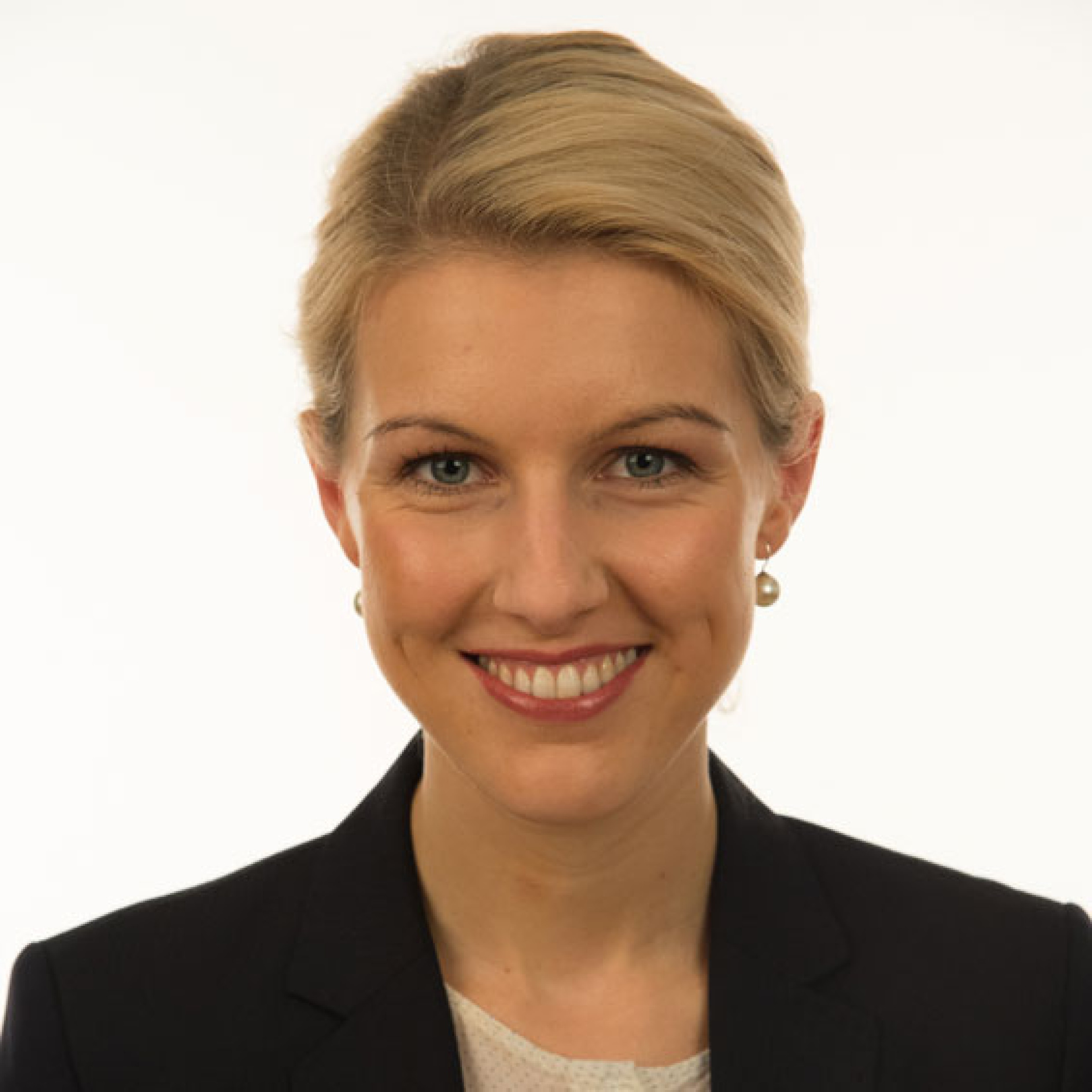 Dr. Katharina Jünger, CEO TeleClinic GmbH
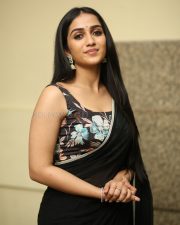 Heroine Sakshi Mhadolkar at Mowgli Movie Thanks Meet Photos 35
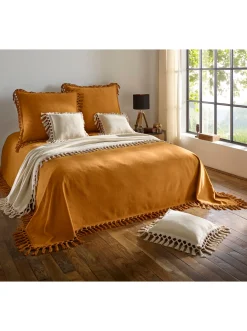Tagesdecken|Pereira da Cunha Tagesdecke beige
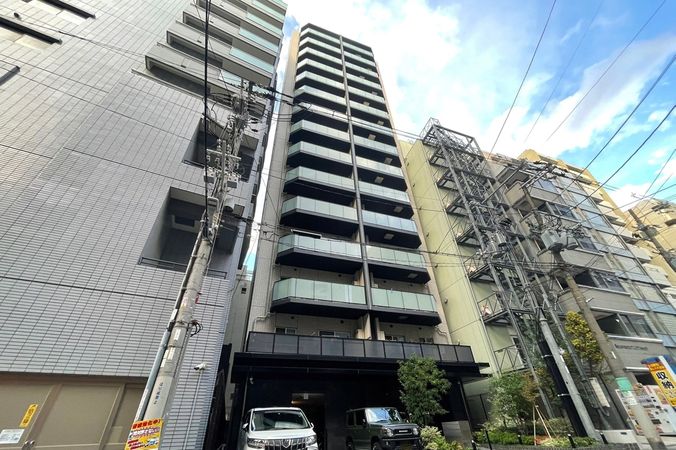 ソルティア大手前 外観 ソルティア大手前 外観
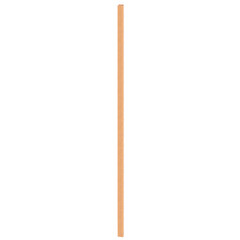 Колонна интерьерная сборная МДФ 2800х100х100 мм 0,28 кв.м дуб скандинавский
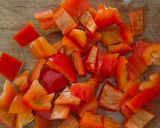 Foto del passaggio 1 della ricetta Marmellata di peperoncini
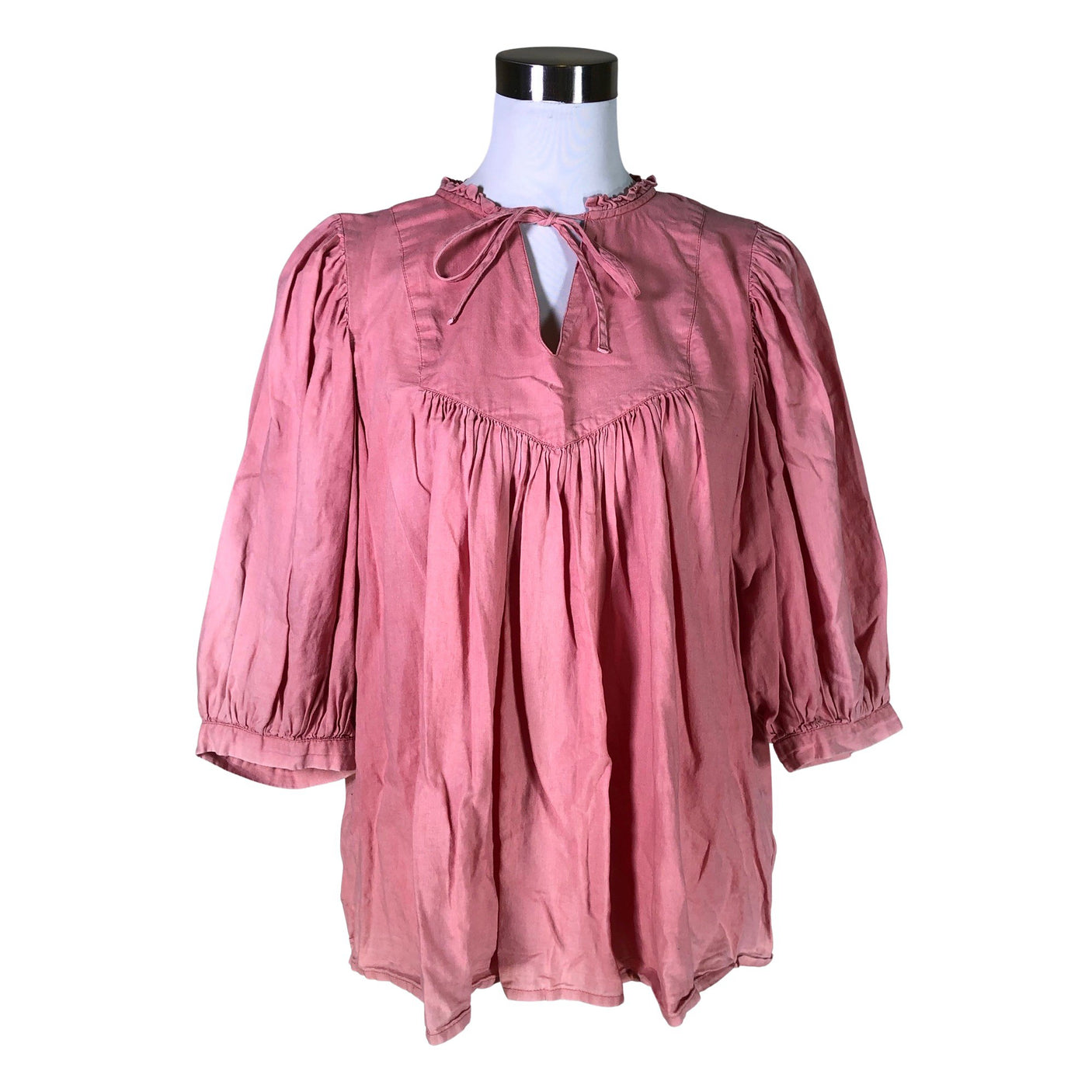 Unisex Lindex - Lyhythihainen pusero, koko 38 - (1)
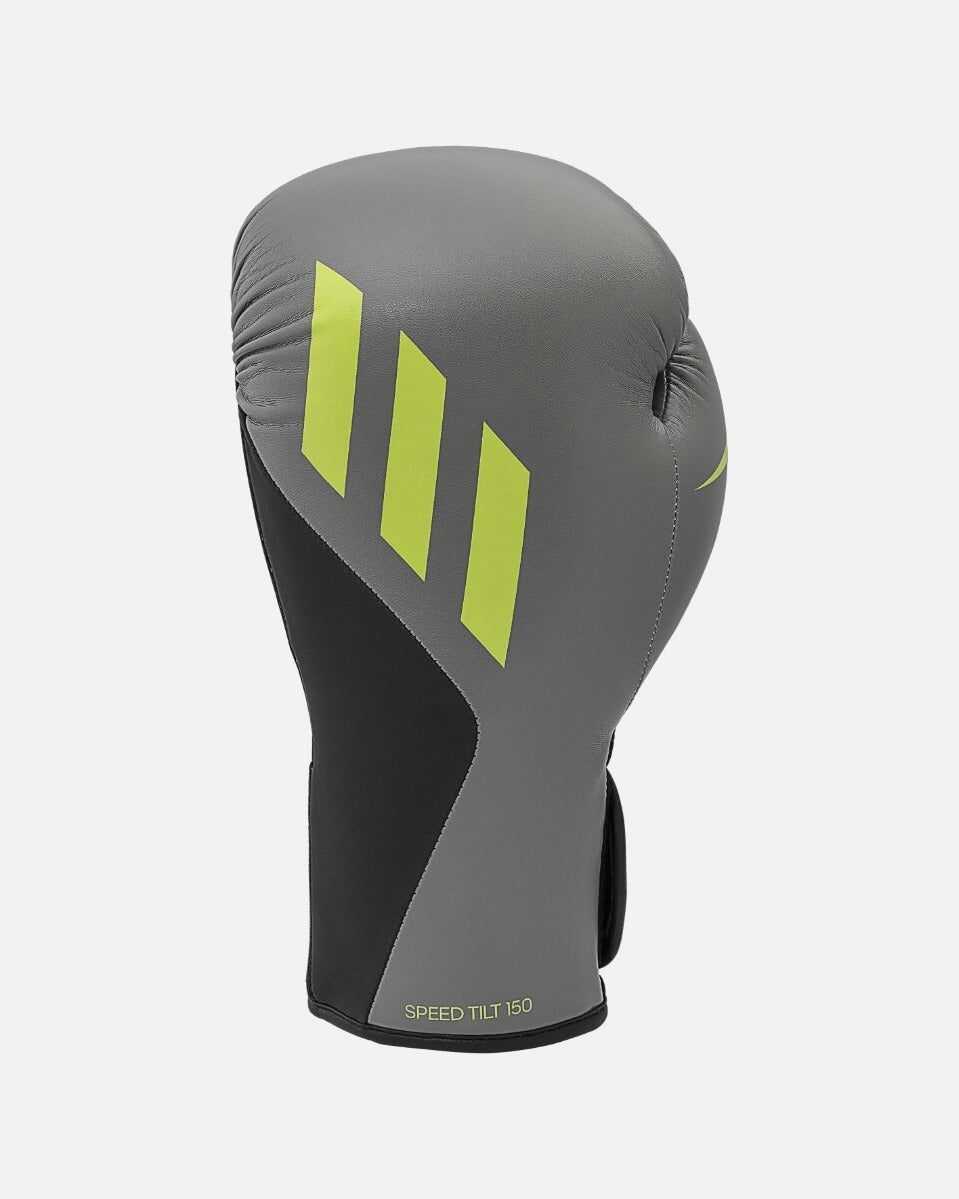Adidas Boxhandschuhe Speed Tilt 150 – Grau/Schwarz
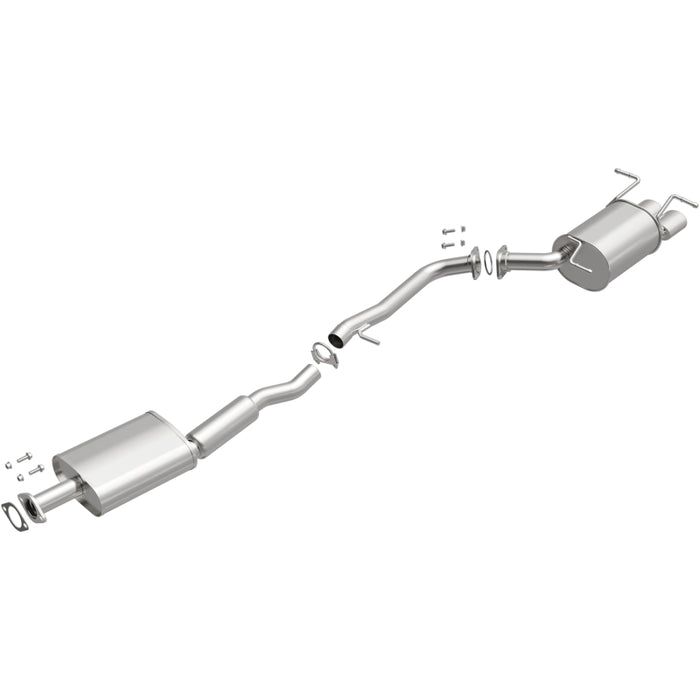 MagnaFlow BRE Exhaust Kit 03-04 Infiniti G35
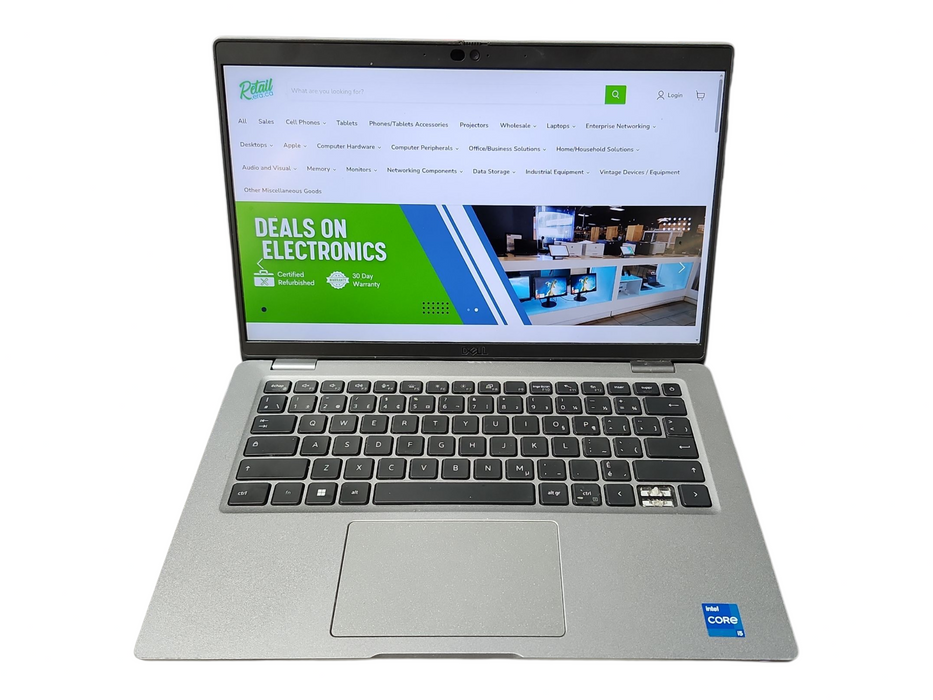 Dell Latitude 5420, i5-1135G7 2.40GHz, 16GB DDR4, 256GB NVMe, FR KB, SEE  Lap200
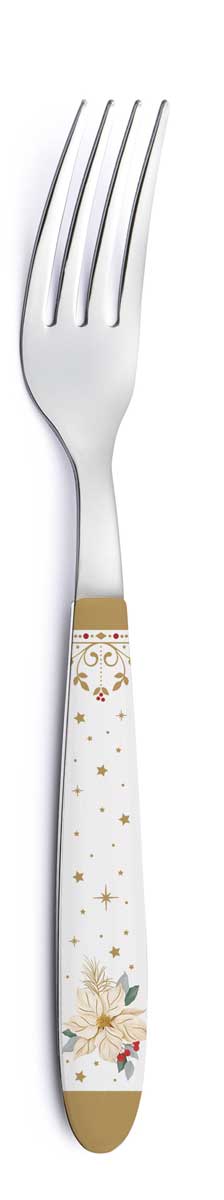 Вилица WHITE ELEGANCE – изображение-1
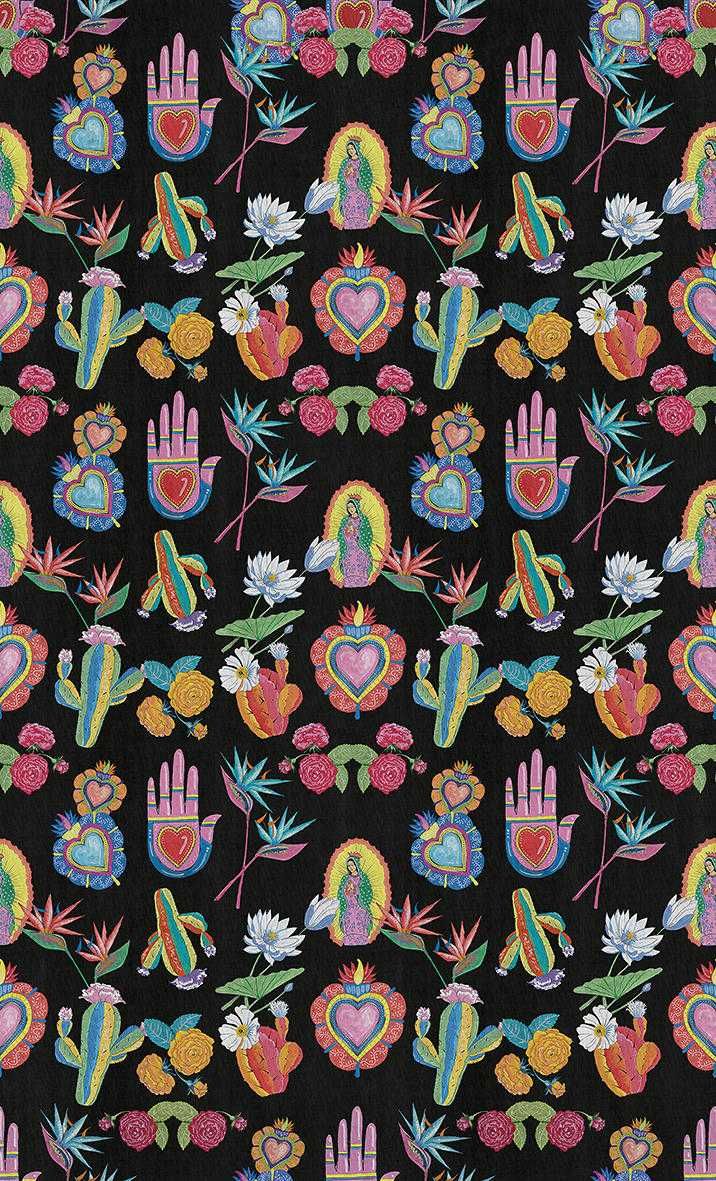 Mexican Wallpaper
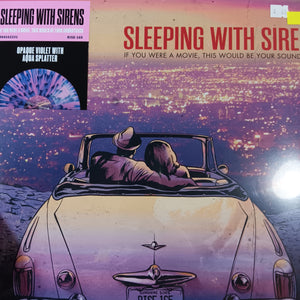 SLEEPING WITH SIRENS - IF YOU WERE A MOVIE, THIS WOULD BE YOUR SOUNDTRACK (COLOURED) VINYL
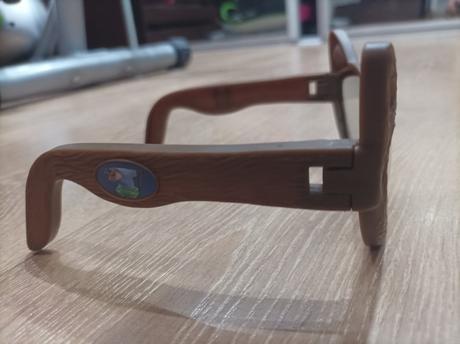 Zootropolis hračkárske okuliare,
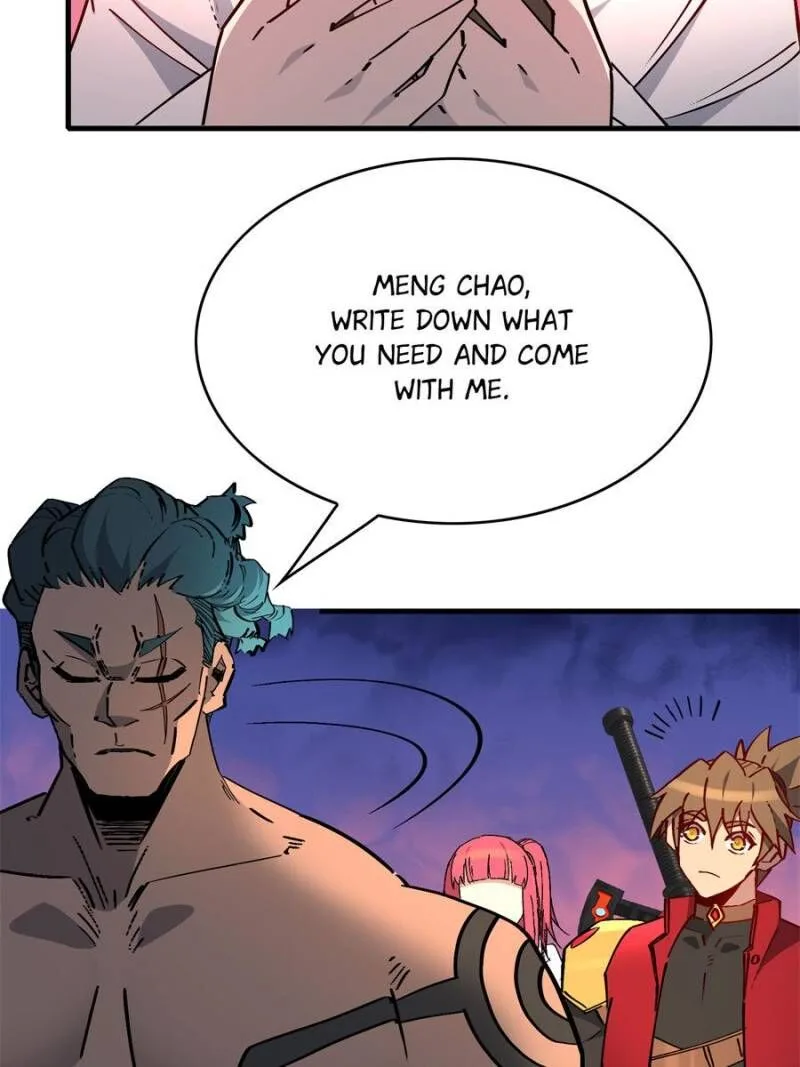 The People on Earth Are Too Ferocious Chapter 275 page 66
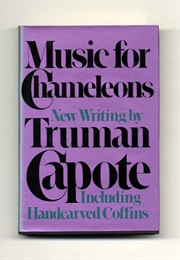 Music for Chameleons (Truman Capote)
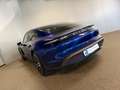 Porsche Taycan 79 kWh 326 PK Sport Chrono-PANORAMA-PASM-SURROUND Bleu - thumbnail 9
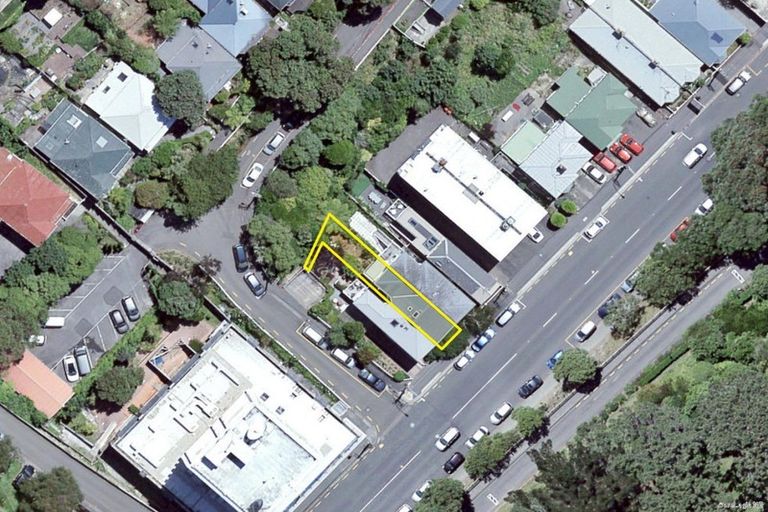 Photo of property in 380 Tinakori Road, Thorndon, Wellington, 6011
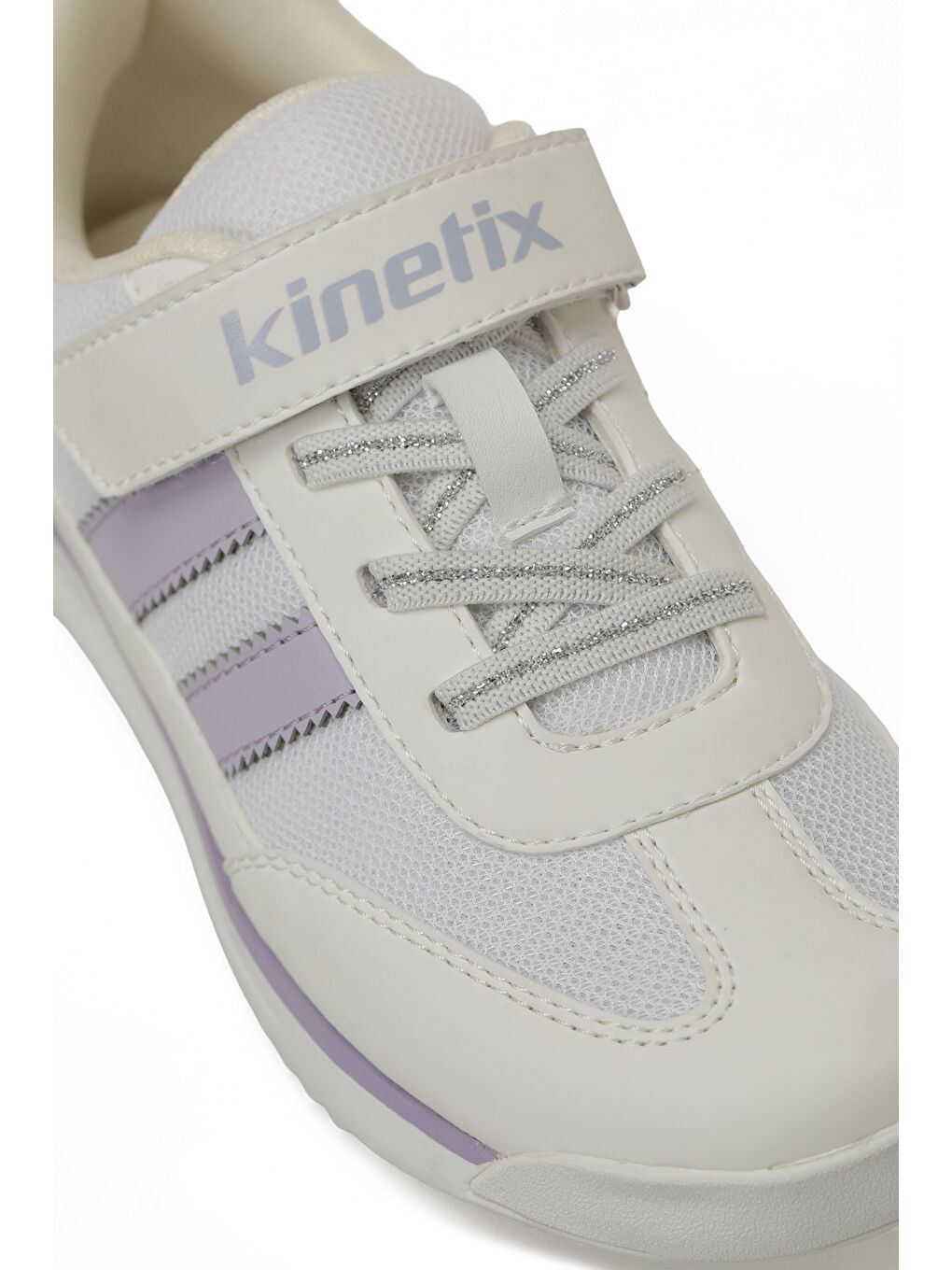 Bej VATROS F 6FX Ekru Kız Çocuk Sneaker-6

****

◆ **Activity**
Print, word for word, the lines above that run from the line containing "Foto del passaggio" to the line containing "The People on", both included. Keep the pictures out.

◆ **Task answer**
 Foto del passaggio 1 della ricetta Marmellata di peperoncini
 Unisex Lindex - Lyhythihainen pusero, koko 38 - (1)
Adidas Boxhandschuhe Speed Tilt 150 – Grau/Schwarz
 MagnaFlow BRE Exhaust Kit 03-04 Infiniti G35
 Dell Latitude 5420, i5-1135G7 2.40GHz, 16GB DDR4, 256GB NVMe, FR KB, SEE  Lap200
 Вилица WHITE ELEGANCE – изображение-1
 Mexican Wallpaper
 SLEEPING WITH SIRENS - IF YOU WERE A MOVIE, THIS WOULD BE YOUR SOUNDTRACK (COLOURED) VINYL
 Zootropolis hračkárske okuliare,
 The People on Earth Are Too Ferocious Chapter 275 page 66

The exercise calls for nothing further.